## PROBLEM STATEMENT
All lines from the one containing "4 Bedroom Terraced" to the end of the listing below should be output exactly; omit the pictures.

## THE DATA
----------

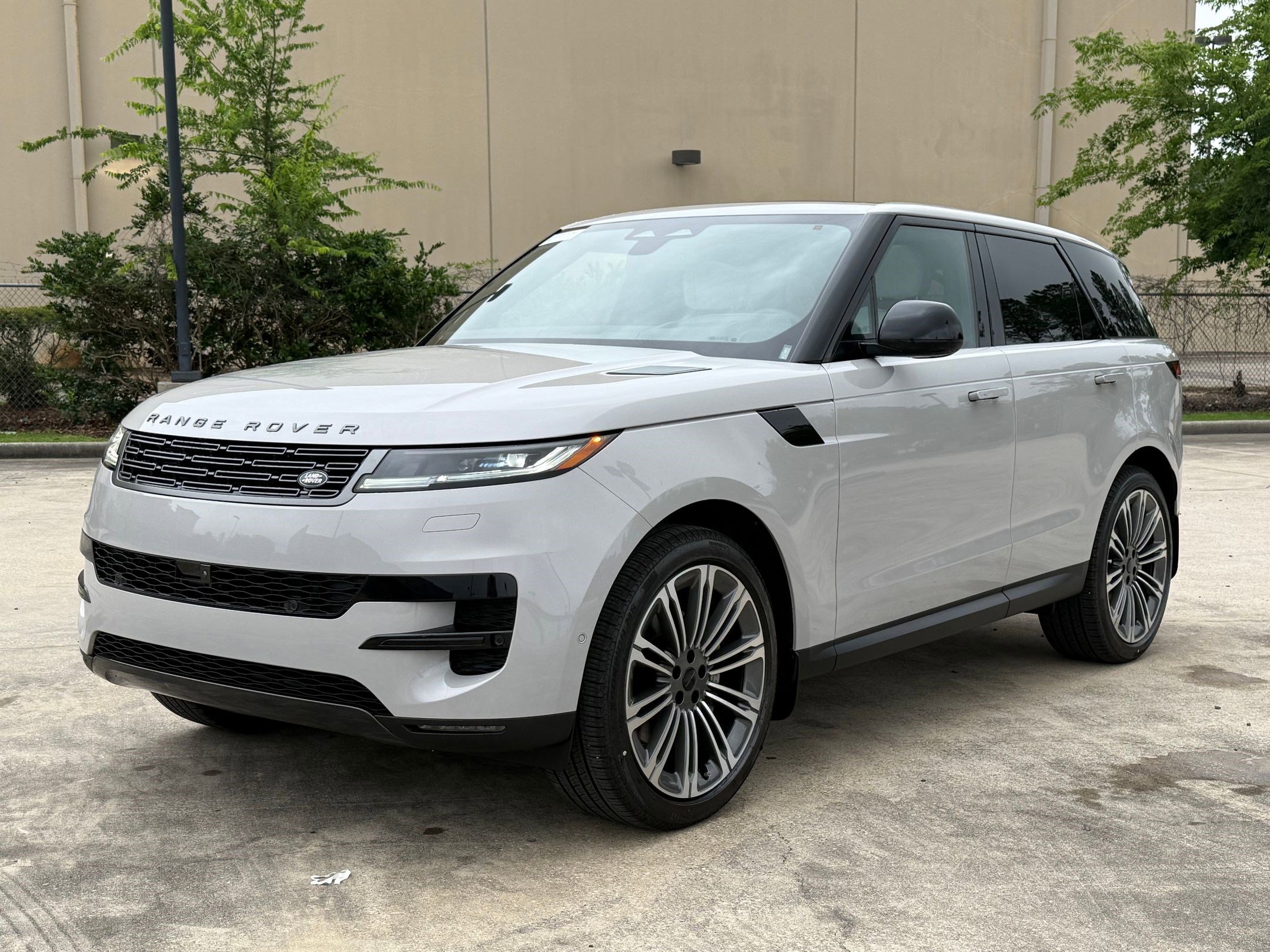 New 2026 Land Rover Range Rover Sport SE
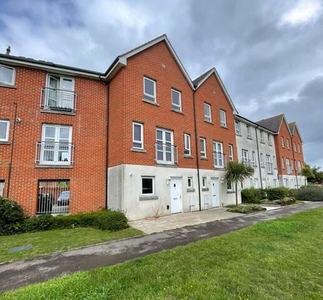 4 Bedroom Terraced House For Sale In Poole, Dorset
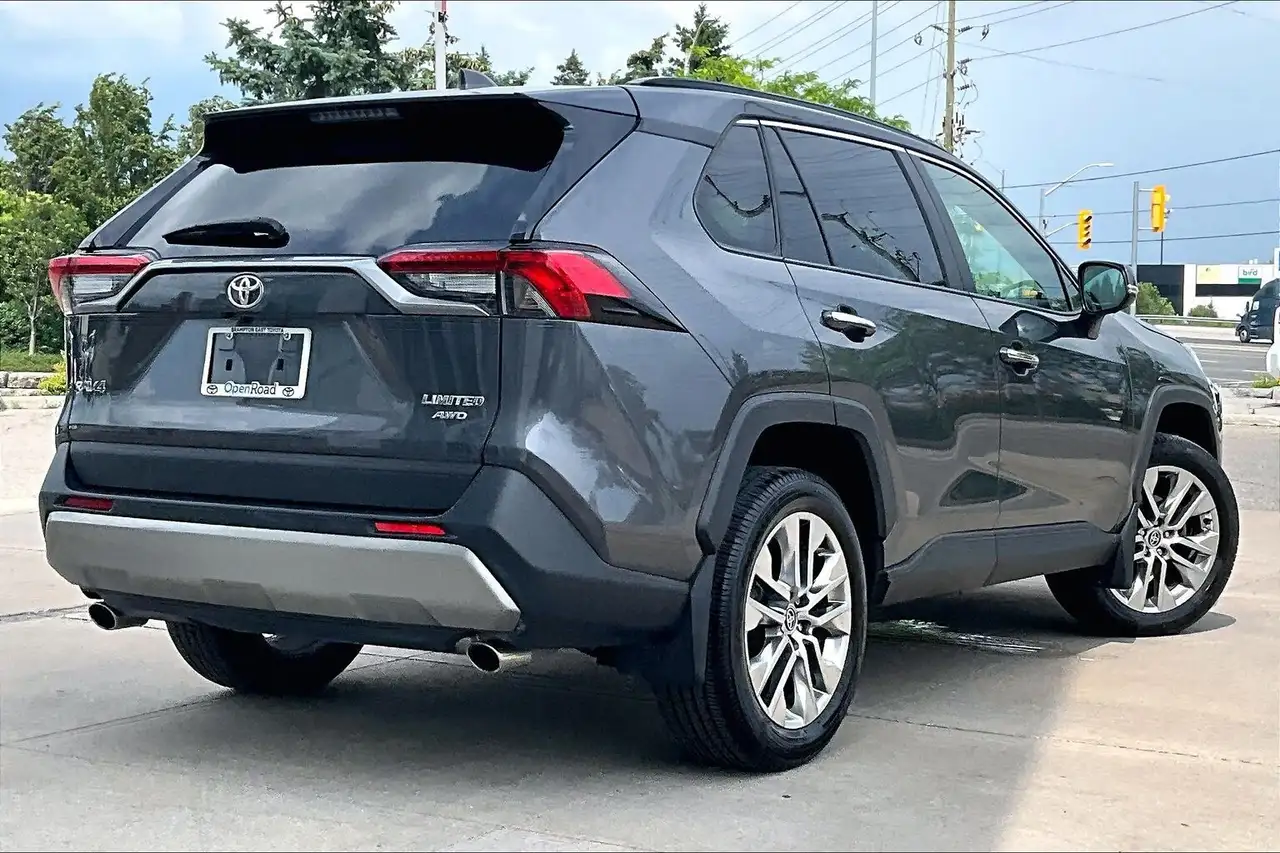 Toyota RAV 4 снимка Toyota RAV 4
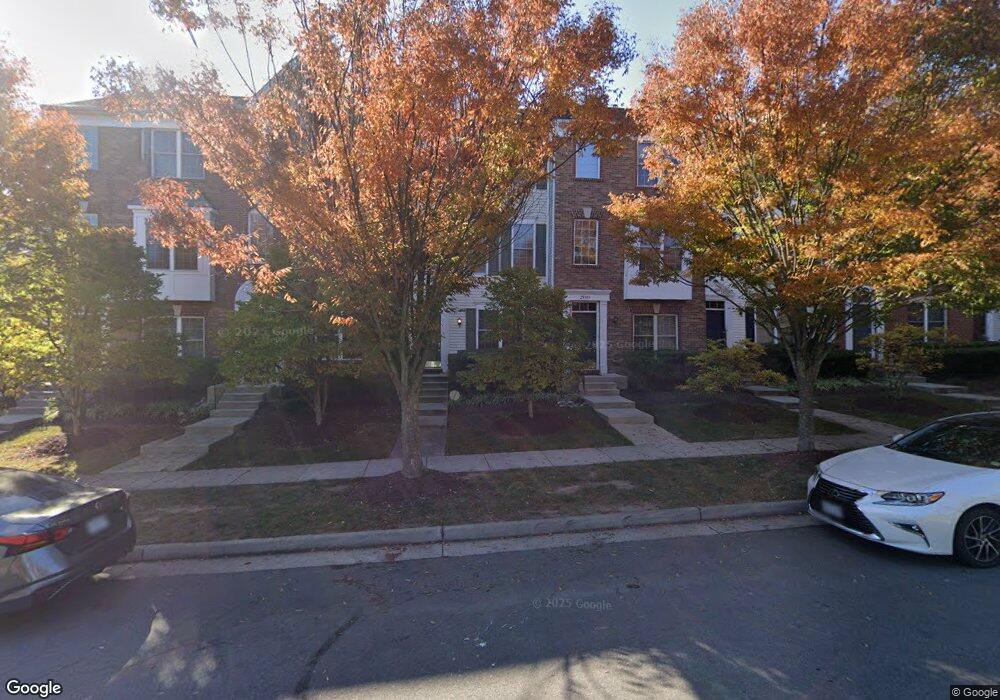 25335 Crossfield Dr, Chantilly, VA 20152 - photo 1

----------

## SOLUTION BELOW
 4 Bedroom Terraced House For Sale In Poole, Dorset
 Toyota RAV 4 снимка Toyota RAV 4
 25335 Crossfield Dr, Chantilly, VA 20152 - photo 1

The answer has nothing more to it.